The day saw a heavy downpour in Mysore, Karnataka. It is a rather old city in South-Western India, where the weather behaves like a capricious teenage girl. Within what seems like a matter of minutes, a sunny day may change into a most gloomy outlook, resulting in a torrential downpour. Afterwards, it doesn’t take very long to get back its sunny air.
Incidentally, it was also one of those days when, post-Ganesh-Chaturthi-celebrations, the pratima or murti of the Elephant-headed God was to be immersed in water. The process – which entails an elaborate, colourful and noisy, overall exuberant procession – is known as Visarjan. The word is an antonym of sarjan (a variant of srijan) – the Sanskrit term for creation. As such, it may roughly be translated into English as dissolution – an apt substitute in my opinion, as the clay murti of the God literally dissolves into the water – typically that of a river, in which it is duly immersed, following a sacred ritual at the very end of the celebratory procession.

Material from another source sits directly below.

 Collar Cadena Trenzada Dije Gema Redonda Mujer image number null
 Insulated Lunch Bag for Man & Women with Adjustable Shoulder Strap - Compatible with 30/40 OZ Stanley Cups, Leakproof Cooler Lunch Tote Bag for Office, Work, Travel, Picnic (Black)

Varuna, the Vedic god of waters, and Indra, the Lord of the gods – the Vedic divinity controlling the clouds – seemed to have colluded with each other on that particular day to bring about the heavy downpour, of which mention has been made earlier, causing the dark waters of the river Kaveri to swell. It seemed that this was done with a mind to mete out poetic justice to this special occasion where water must be available aplenty, to see to it that the Visarjan is well done. It was thus that Vinayaka, the Beloved Ganapati, the Lord Leader of the masses, was welcomed on his way back to the Unmanifest by the twin Vedic deities who oversaw the ephemeral stay of the Lord in the plane of the manifest. It was as if the Indra-Varuna duo had taken it upon themselves to oversee the Lord’s safe transit from the mundane human plane to a plane beyond. Who else could claim the role of overseers of such divine transit but these gods, for they are, after all, situated midway between this earthly plane and the Abode of the Immortal, the Eternal.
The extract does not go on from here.